== WHAT TO DO ==
Restate exactly, and only, the lines from the one with "115 Diggs Dr — Photo 6" through the end of the data, with both of those end lines kept. Drop any pictures.

== AVAILABLE DATA ==

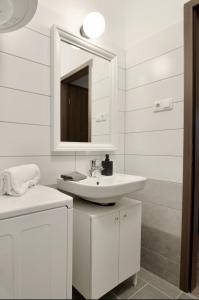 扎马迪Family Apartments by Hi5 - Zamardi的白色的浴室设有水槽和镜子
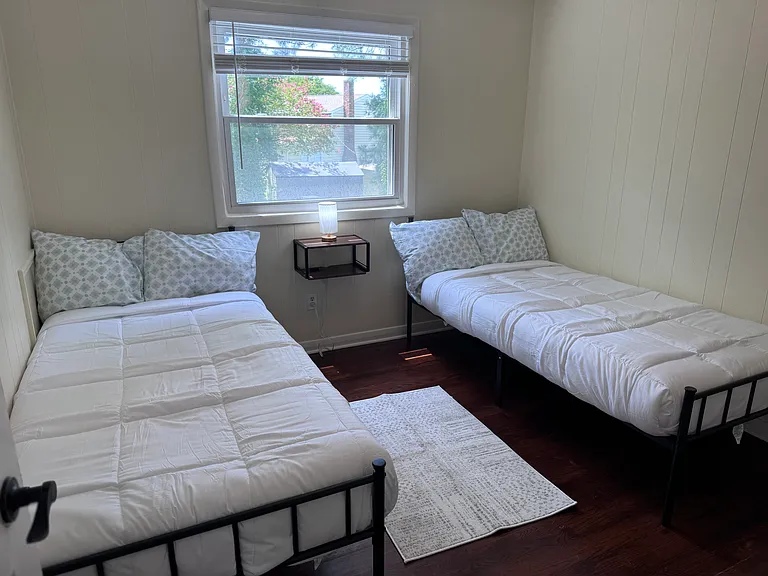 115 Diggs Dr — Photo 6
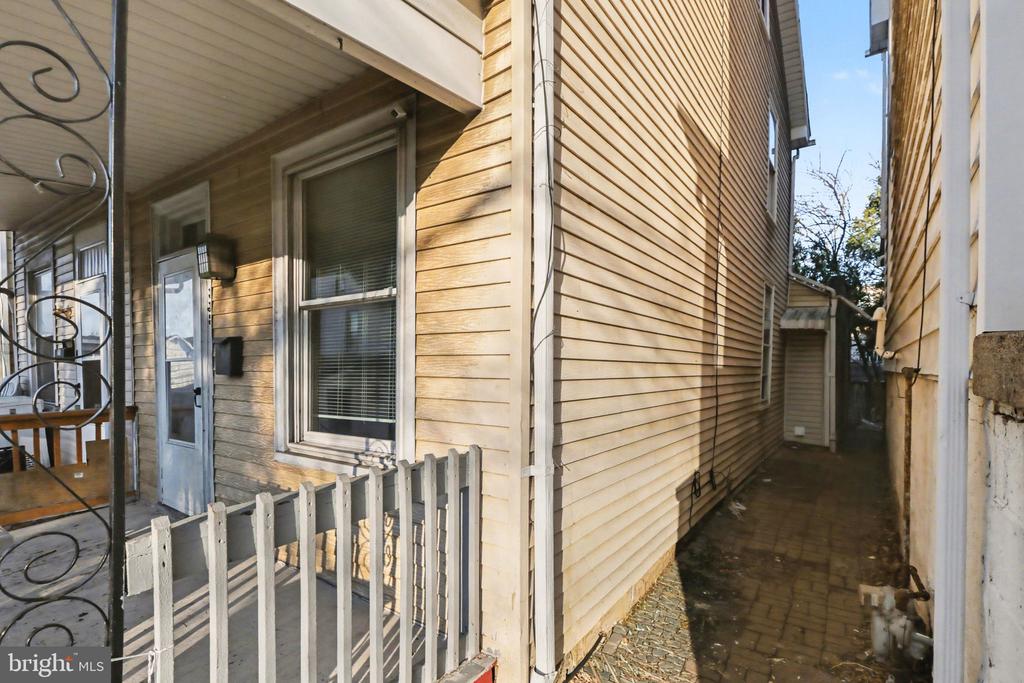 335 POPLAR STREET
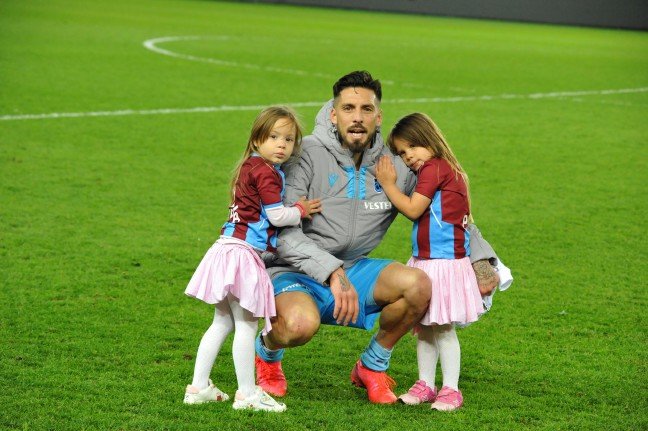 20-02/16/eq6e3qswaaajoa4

== WRITTEN REPLY ==
 115 Diggs Dr — Photo 6
 335 POPLAR STREET
 20-02/16/eq6e3qswaaajoa4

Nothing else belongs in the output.